The thought of his voice made her spine tingle in delight. She had no idea what he was planning, but she wouldn't miss it for the world.
"Bring him to my recital! You'd both enjoy it," she teased, knowing Dani would do no such thing.
Her bedroom was feeling so warm of a sudden. Smacking her lips to even out the make-up, she strode to the window and opened it; her blue skirt swishing against her calves. A gust of cool air swept in, raising goosebumps on Dani's arms. The sky was darkening, the orange and red glow of the sunset striking the autumn leaves in a beautiful spectacle. Her stomach fluttered, and not for the cold air, she couldn't wait for Jared to pull into the driveway below in his slick black convertible he loved almost as much as her. Though he would never say such a thing, she never saw a spot of dirt on it.

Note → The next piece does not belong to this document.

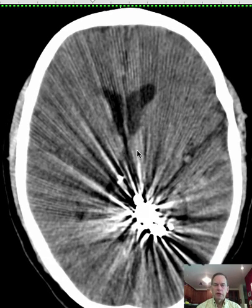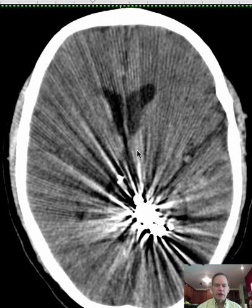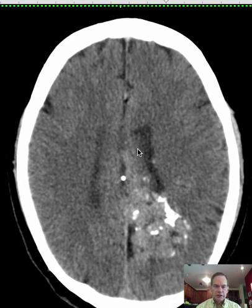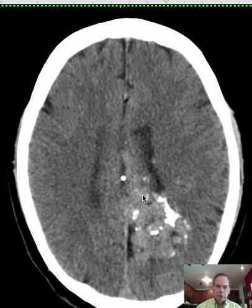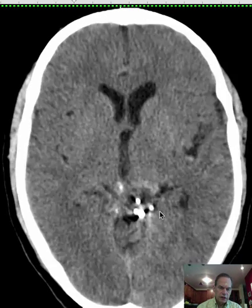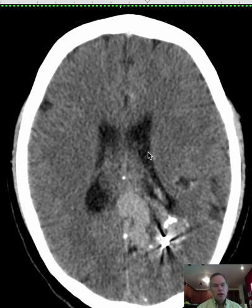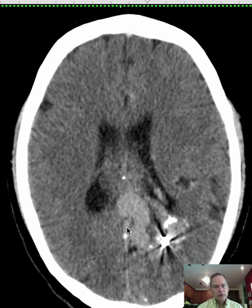We're going to start out with a description of the findings before we commit ourselves to an actual diagnosis. There are some interesting, uncommon findings here. There's an area of increased attenuation in the medial aspect of the left parietal lobe and portions of the occipital lobe. This also involves a portion of the left lateral ventricle posteriorly. And there's a relatively high attenuation area that crosses the midline, seeming to connect with the region of the straight sinus.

She glanced at her wrist, the sparkling false-silver watch telling her it was only 6:54 p.m.
"Oh, Mika, he's so wonderful, I don't know I'd do without him."
"You'd come to your senses is what. Don't you ever get tired of mooning over him?"
"No sooner than you would get tired of your music. We each have our own passions in life... and Jared is mine. I think we might get married." She smiled at the thought, his pretty face gazing up at hers from bended knee as he searched for the words to match the small box in his hand. She would say yes, of course. It all seemed like a fairy tale sometimes, and we will live happily ever after.
"Well, I need to get back and practice once more. Wish me luck and have a good night with Jared."
"Good luck Mika, tell me how it goes all right?"
"I will. See you at school on monday?"
"Same time, same place."
"Ok." The phoneline went dead, and Dani flipped the cell shut. She walked back to the mirror and set her phone on the table. Taking a deep breath, she placed her hand across her stomach to settle the fluttering. Is that what he meant? Will he propose tonight?
Her thoughts were interrupted by the sharp blast of a horn. She glanced out the window to see a small black car pull into the driveway. The roof was down and the back seat was filled with roses. Her breath caught and the butterflies started all over. Oh Jared she thought as she descended the stairs to the main floor, and it was the last coherent thought of the night as she let a grin fall into place upon her lips.